### Data for this exercise
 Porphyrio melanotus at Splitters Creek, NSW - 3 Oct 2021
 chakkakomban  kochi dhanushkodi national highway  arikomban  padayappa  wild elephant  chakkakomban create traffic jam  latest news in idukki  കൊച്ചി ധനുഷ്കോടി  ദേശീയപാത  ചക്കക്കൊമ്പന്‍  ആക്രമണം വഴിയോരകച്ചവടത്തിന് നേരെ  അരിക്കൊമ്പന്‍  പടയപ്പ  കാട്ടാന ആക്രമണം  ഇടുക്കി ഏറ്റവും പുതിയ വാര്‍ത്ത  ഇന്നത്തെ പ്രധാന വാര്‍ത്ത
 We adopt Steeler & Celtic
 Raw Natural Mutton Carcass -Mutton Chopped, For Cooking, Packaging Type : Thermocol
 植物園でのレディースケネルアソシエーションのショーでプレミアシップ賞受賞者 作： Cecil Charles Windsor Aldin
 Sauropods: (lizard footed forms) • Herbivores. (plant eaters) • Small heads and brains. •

### Exercise
Word for word, retype the lines from the one containing "We adopt Steeler & Celtic" through the final line of the data, including both ends and nothing more.

### Result for this exercise
 We adopt Steeler & Celtic
 Raw Natural Mutton Carcass -Mutton Chopped, For Cooking, Packaging Type : Thermocol
 植物園でのレディースケネルアソシエーションのショーでプレミアシップ賞受賞者 作： Cecil Charles Windsor Aldin
 Sauropods: (lizard footed forms) • Herbivores. (plant eaters) • Small heads and brains. •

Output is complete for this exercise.